Sunday, January 22, 2006

Double Act in Maori land grab

Deborah Coddington has yet to make the transition from politics back to journalism.

Her Sunday Herald preview of National Party leader Don Brash’s Orewa Rotary Club speech, headlined "National softens tone on Maori", is more spin than reportage.

"The National Party looks likely to repackage its policy towards Maori, fearing its hard-line stance turned off too many urban voters at the last election. Leading up to Waitangi Day, and his 2006 speech to the Orewa Rotary Club, Don Brash told the Herald on Sunday his party needed to reaffirm the policies he outlined at Orewa in previous years 'in a way that does not make us anti-Maori',"

He denied his party was taking a softer line on Maori issues, saying he was never anti-Maori but opposed to "disastrous affirmative action programmes" and claims that the Treaty of Waitangi was "about two distinct groups of people".

Just out of interest, can we have an example of a "disastrous affirmative action programme". Maybe Coddington the former ACT MP takes its as self-evident there must be one.
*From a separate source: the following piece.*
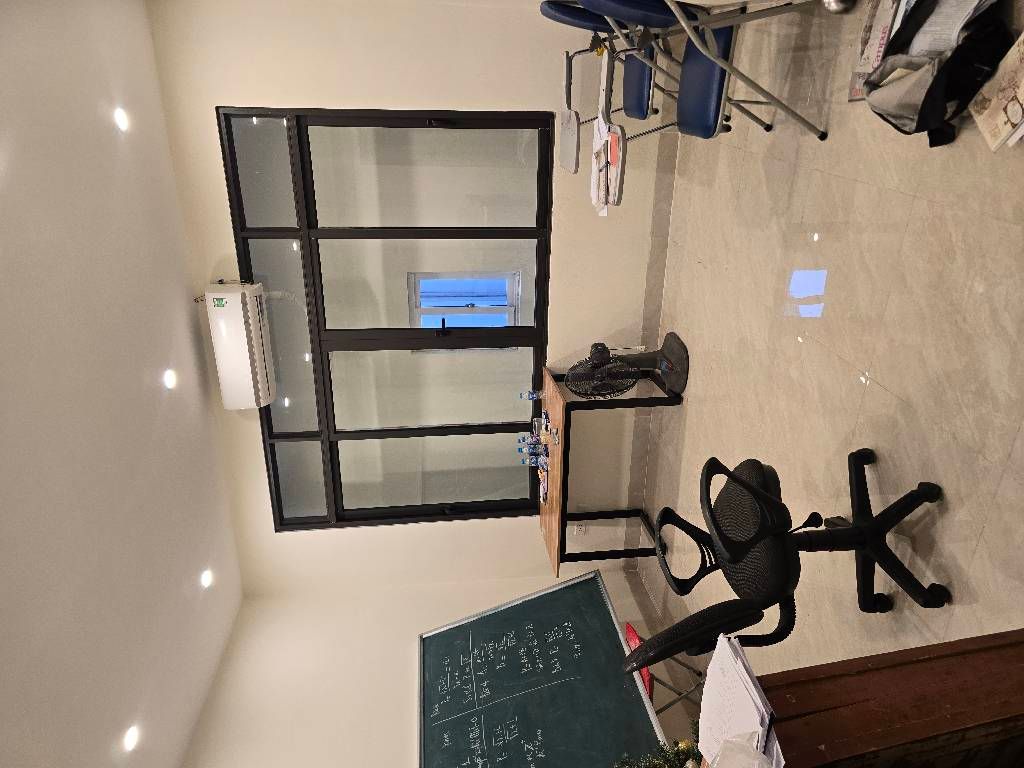 Bán nhà Định Công Thượng - diện tích 44.7m2 4 tầng - Nhà đẹp rất mới, Nội thất thiết kế theo phòng rất đẹp - giá 15,5 tỷ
As for specific examples, Coddington said Brash was considering putting up a private member's bills to "reform" Maori land ownership so it could be used to benefit owners "in the same way as owning land helps other New Zealanders".

That of straight out of the ACT playbook. Everything comes down to property rights, knowing the price of everything and the value of nothing.
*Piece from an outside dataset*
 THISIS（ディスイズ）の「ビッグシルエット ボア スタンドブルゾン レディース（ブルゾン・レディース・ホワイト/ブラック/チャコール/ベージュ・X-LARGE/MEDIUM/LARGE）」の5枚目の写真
The excuse, that "Maori incorporations have complained they cannot sell their land and reinvest the money elsewhere," doesn’t wash. A couple of the larger incorporations have voiced such complaints, but that was more to do with the strictures of the Maori Reserved Lands Act. When they want to and can put up a good enough case, incorporations have been able to get the Maori Land Court to change the status of land, allowing sale.
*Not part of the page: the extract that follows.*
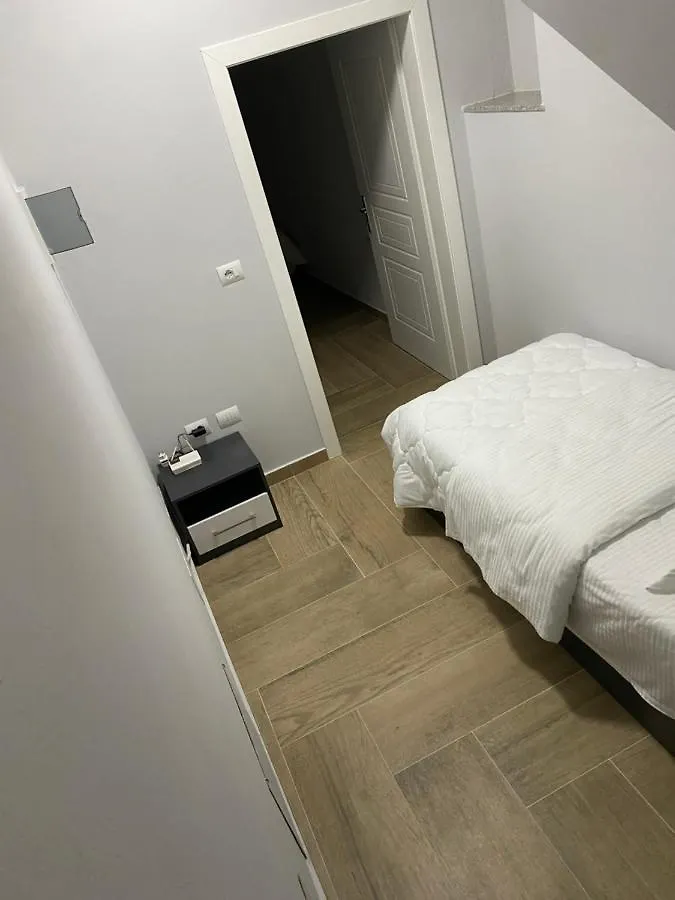 Eagle'S Nest Apartment Shkoder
The problem for the white right is Maori land law looks different, so it must therefore be wrong.

Without going into the historical byways which have led to the current Te Ture Whenua Maori Act, Brash sounds like he is looking to revisit National’s 1967 amendments to the Maori Land Act and set the stage for a grab of remaining Maori land.

That '67 Act, opposed by Maori at the time including those in National, led to huge loss of land from Maori ownership, particularly on the coast. Many a holiday property now going for seven figure sums in the current boom was wrested from Maori ownership during those years. The downstream result of that law was of course the 1975 Maori Land March (even though by that time Labour’s Matiu Rata had reversed many of the worst features of the amendment).